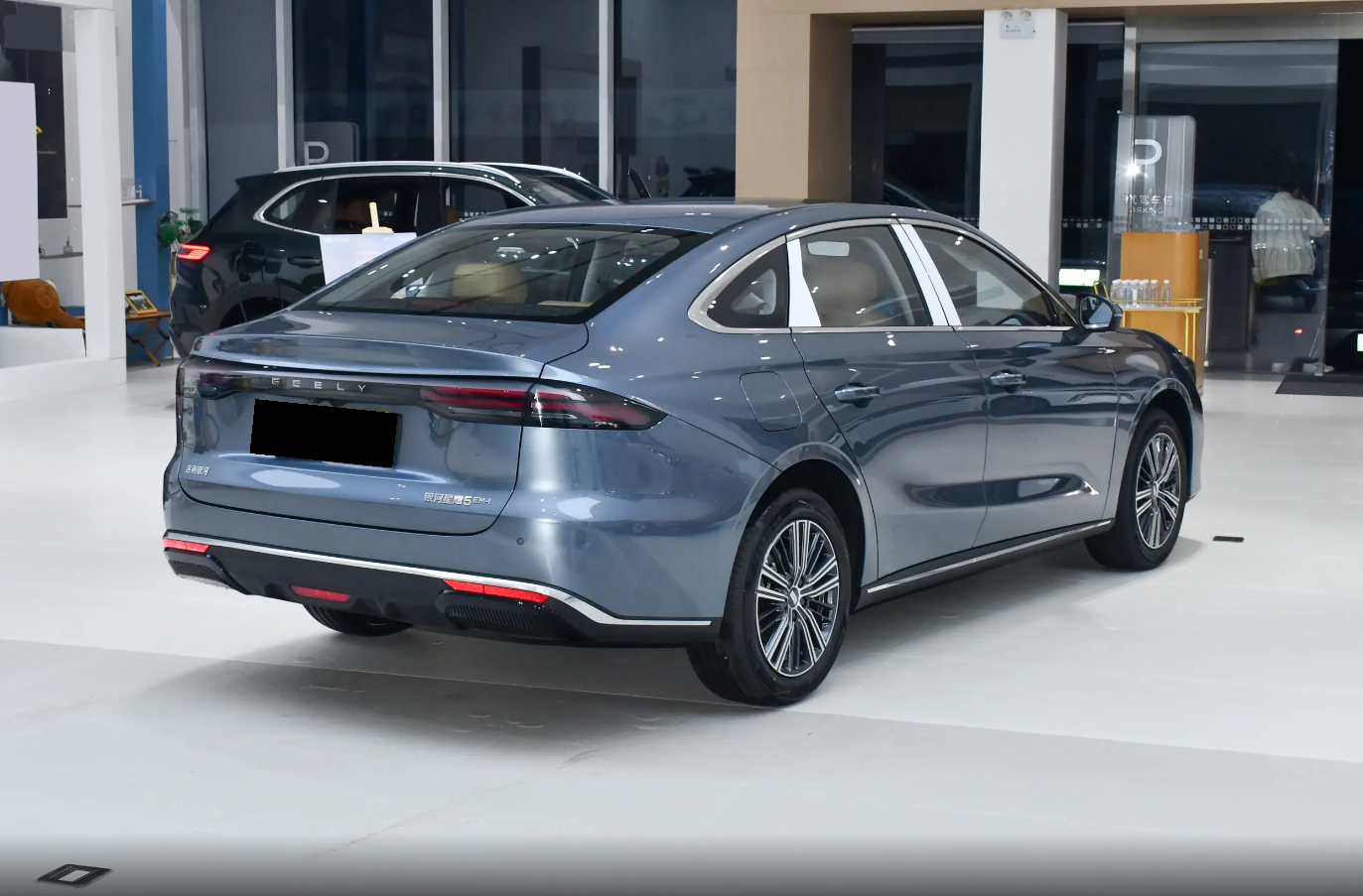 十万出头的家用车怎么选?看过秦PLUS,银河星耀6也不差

******************************

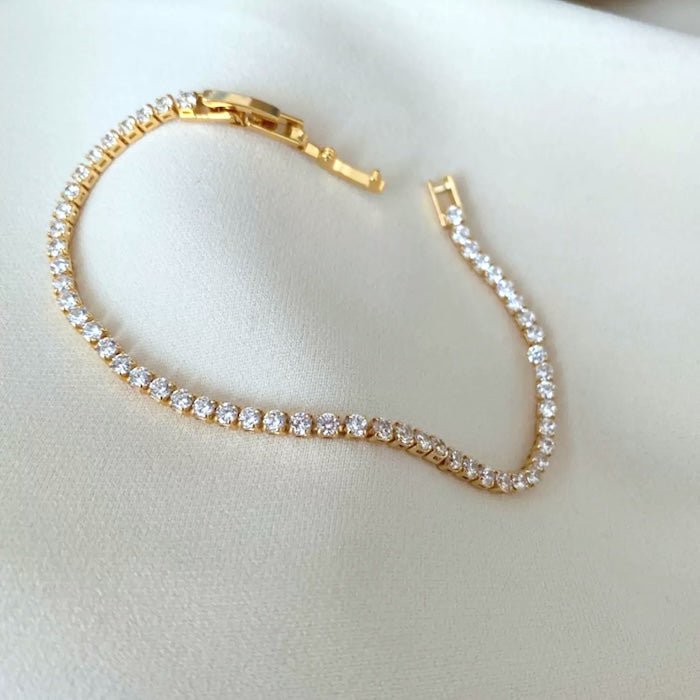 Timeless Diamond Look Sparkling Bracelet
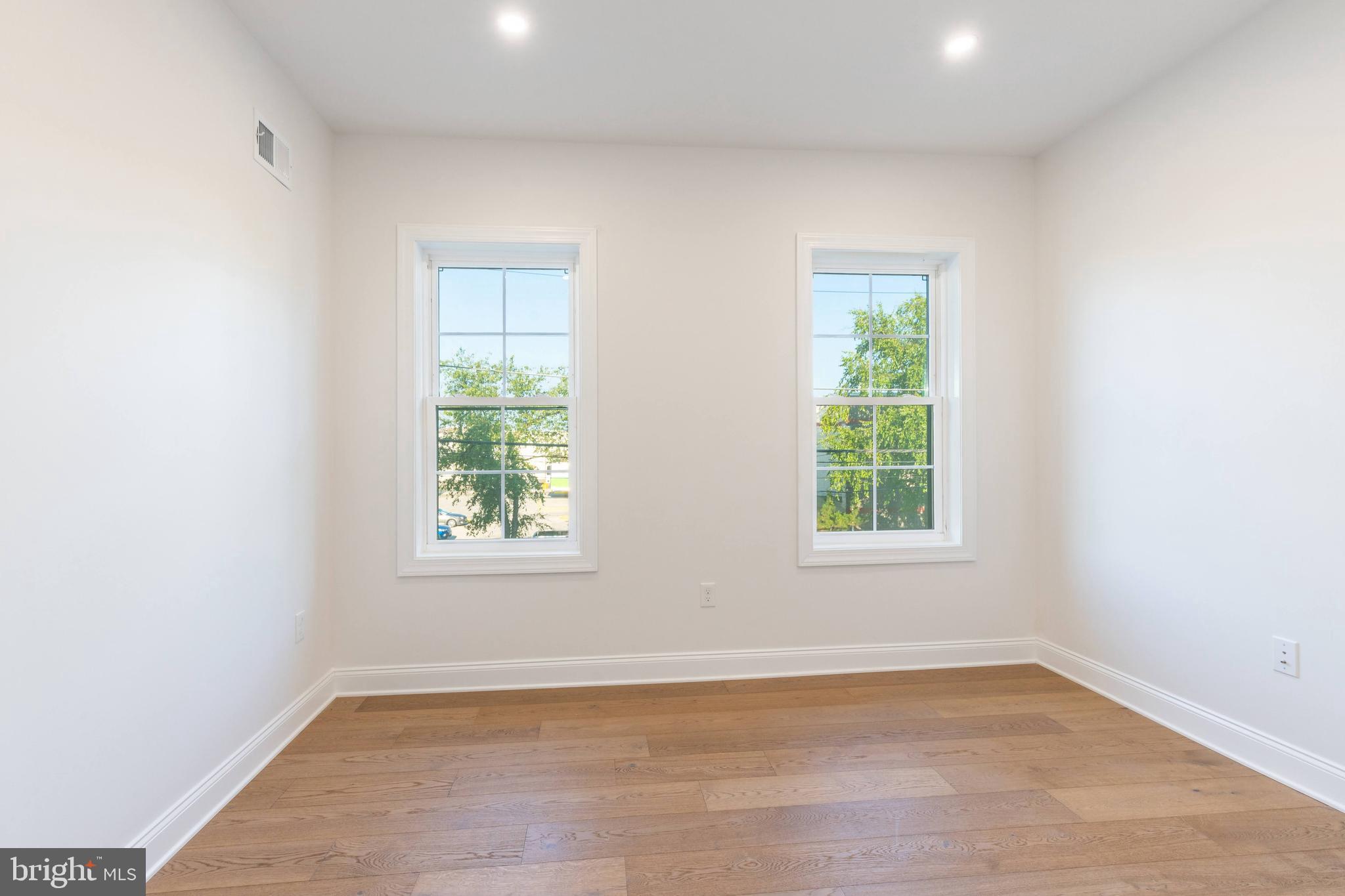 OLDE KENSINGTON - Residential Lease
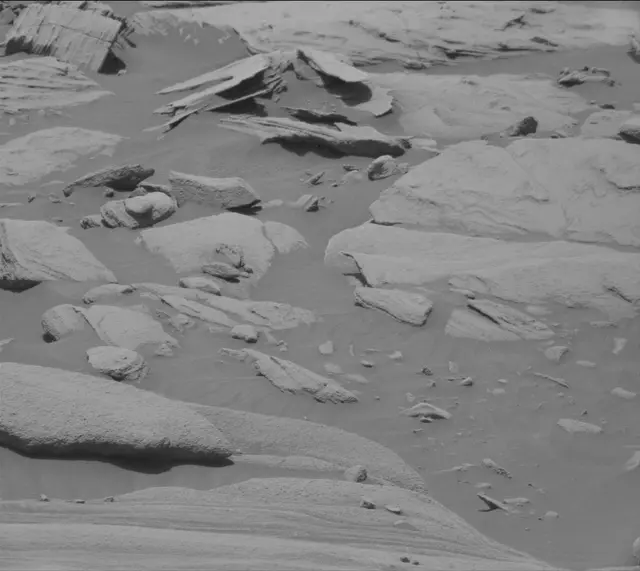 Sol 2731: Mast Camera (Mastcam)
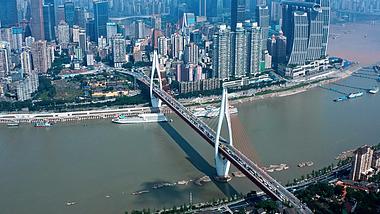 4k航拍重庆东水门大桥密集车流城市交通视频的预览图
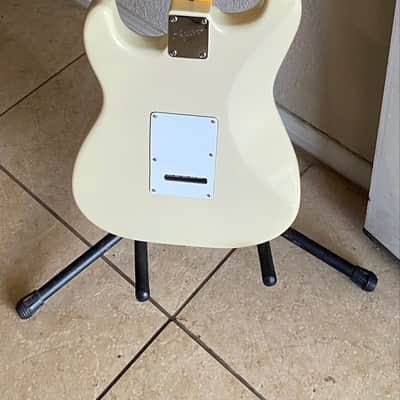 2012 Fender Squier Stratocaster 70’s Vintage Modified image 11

******************************

EXERCISE - Every line above from the one with "Sol 2731: Mast Camera (Mastcam)" down to the one with "2012 Fender Squier" must be written out exactly, and no picture may appear.

SOLVED EXERCISE -
 Sol 2731: Mast Camera (Mastcam)
 4k航拍重庆东水门大桥密集车流城市交通视频的预览图
 2012 Fender Squier Stratocaster 70’s Vintage Modified image 11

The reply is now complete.